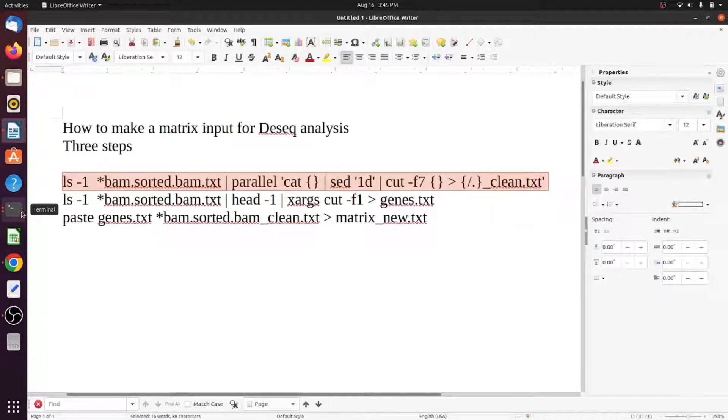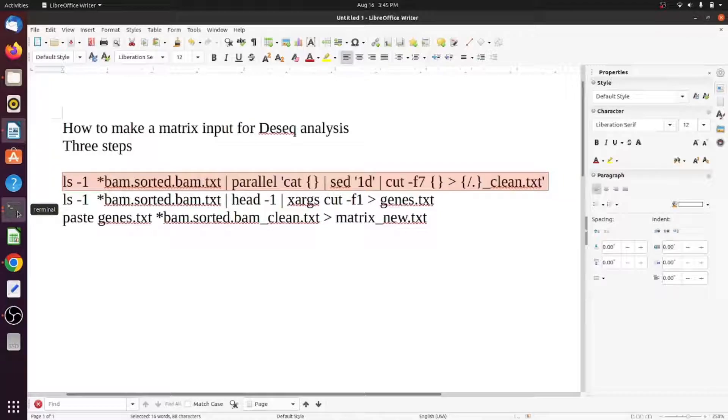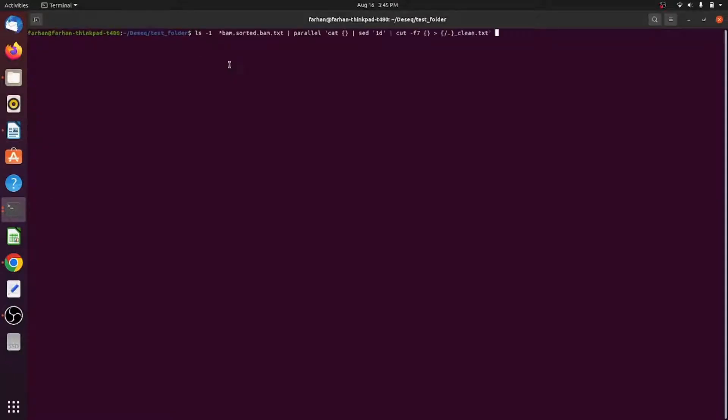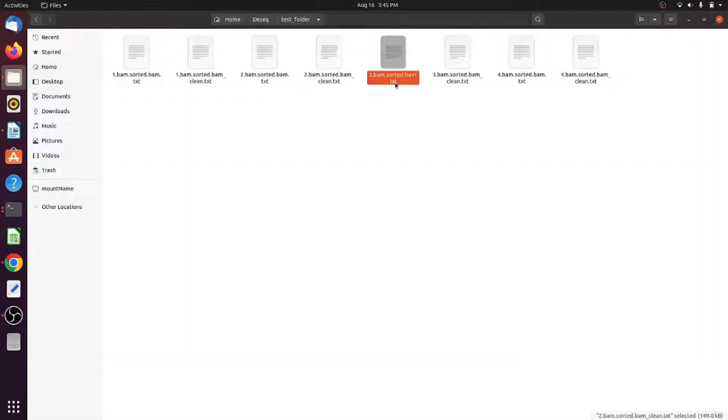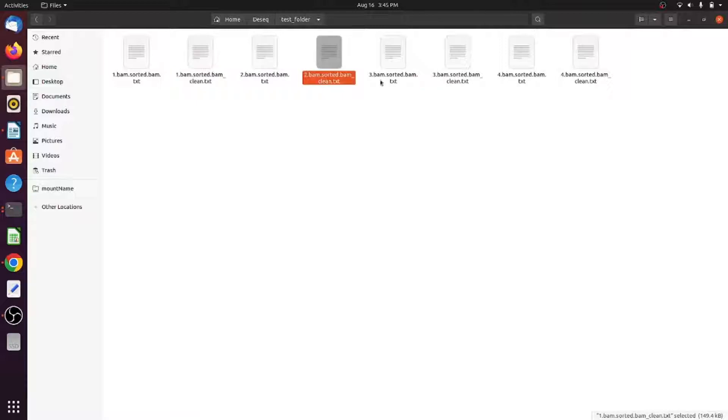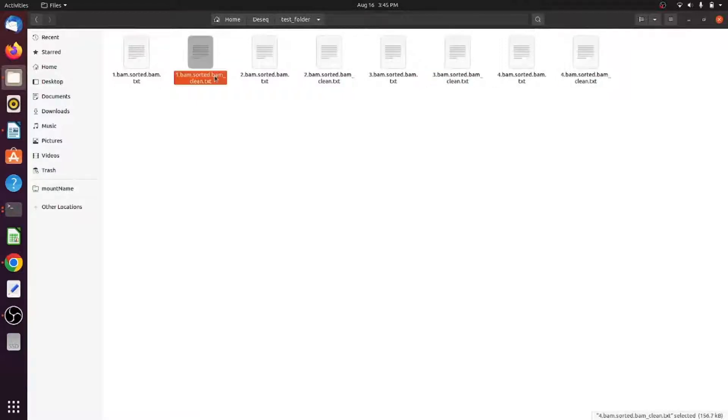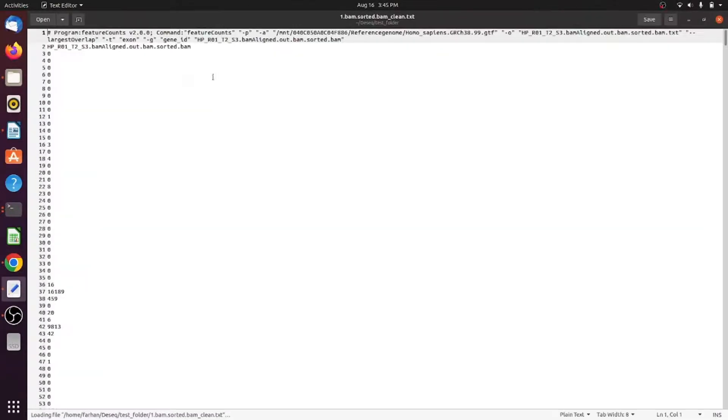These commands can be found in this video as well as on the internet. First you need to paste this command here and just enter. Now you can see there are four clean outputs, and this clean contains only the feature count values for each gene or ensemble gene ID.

--

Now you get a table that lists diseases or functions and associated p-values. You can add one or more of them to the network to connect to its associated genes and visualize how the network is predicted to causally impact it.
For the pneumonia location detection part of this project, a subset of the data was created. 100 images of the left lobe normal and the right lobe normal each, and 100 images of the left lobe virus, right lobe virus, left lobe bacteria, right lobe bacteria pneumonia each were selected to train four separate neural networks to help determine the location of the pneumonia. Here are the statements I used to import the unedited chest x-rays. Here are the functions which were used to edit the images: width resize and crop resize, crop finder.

*Work order*. Could you find each line in the entries that contains the string "functions" and copy it?

*Expected answer*.
Now you get a table that lists diseases or functions and associated p-values. You can add one or more of them to the network to connect to its associated genes and visualize how the network is predicted to causally impact it.
For the pneumonia location detection part of this project, a subset of the data was created. 100 images of the left lobe normal and the right lobe normal each, and 100 images of the left lobe virus, right lobe virus, left lobe bacteria, right lobe bacteria pneumonia each were selected to train four separate neural networks to help determine the location of the pneumonia. Here are the statements I used to import the unedited chest x-rays. Here are the functions which were used to edit the images: width resize and crop resize, crop finder.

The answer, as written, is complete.